Cell–substrate interactions can affect cellular functions such as spreading, migration, and even differentiation. These interactions are often studied using micro- and nanotechnological tools. The design of substrates based on these technologies offers new ways to probe cellular responses to changes in their physical environment. In fact, this allows the interactions of cells and their surrounding matrix to be carried out in well-controlled conditions. Here, Digabel et al. [7] reviewed techniques and tools based on nano- and microfabrication to analyze the influence of the mechanical properties of the substrate on cell functions such as cell adhesion and migration and how these can lead to better understanding of cell mechanobiology.

Cell membranes exhibit complexity which ranges from their molecular contents to their emergent mechanical properties and dynamic spatial organization. These compositional and geometrical organizations of membrane components are known to influence cell functions such as signal transduction. Supported membranes, consisting of a bilayer assembly of phospholipids on a solid substrate, have been used as model systems to study a wide range of problems in cell biology [3, 4]. The spatial organization and mechanical deformation of supported membranes can also be manipulated by patterning underlying substrates with micro and nanofabrication techniques. Yu and Groves [23] presented various applications and methods to spatially patterned biomembranes by means of curvature modulations and spatial reorganizations, and utilizing them to interface with living cells. This unique approach allows one to investigate mechanisms of interfacial interaction and signaling in cell biology.

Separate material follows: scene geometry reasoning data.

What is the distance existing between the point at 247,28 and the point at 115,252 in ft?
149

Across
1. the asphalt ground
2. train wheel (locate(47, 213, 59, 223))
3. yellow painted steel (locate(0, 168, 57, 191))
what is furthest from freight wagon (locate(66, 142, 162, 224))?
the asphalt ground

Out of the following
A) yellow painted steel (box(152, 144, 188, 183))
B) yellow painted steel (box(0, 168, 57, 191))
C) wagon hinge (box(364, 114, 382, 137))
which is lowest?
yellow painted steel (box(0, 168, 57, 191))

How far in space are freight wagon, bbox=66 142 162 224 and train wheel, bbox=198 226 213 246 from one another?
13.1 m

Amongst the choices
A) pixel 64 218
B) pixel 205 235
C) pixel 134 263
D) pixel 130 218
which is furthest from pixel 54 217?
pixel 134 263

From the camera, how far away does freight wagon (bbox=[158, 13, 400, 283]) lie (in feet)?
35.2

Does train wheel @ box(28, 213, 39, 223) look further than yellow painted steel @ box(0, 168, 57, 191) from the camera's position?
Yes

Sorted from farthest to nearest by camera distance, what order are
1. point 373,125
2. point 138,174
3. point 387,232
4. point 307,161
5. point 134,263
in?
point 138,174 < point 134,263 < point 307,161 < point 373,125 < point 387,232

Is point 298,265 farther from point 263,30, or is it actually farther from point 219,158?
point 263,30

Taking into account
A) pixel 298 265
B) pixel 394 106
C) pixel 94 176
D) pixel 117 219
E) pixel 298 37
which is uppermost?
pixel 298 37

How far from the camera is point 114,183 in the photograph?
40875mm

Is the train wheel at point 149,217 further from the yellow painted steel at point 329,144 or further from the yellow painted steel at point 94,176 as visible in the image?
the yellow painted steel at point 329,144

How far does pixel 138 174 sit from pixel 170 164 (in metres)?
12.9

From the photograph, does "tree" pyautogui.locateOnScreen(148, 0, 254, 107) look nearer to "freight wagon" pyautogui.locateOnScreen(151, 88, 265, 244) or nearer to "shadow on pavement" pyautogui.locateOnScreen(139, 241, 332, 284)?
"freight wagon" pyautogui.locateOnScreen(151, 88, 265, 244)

Finally, efficient cell separation is an essential first step in many biological and medical assays and also for disease detection and diagnosis. This need has led to the development of numerous micro-separation techniques. Bhagat et al. [2] reviewed the current state-of-the-art in microfluidics-based cell separation techniques. The various separation principles are explained along with examples demonstrating their application in cell separation. Developing efficient microscale separation methods that offer greater control in isolating or enriching specific-targeted cells will be important in realizing true point-of-care lab-on-a-chip systems.

As can be seen from this special issue, these articles showcase some very innovative and exciting use of micro and nanotechnology in understanding cell and molecular biology as well as in detecting and diagnosing diseases. While some are still very much at the research stage, there is no doubt that enormous progress will be made in the coming years, and it is hope that some of the important findings arising from these research will result in actual biomedical applications in the not too distant future.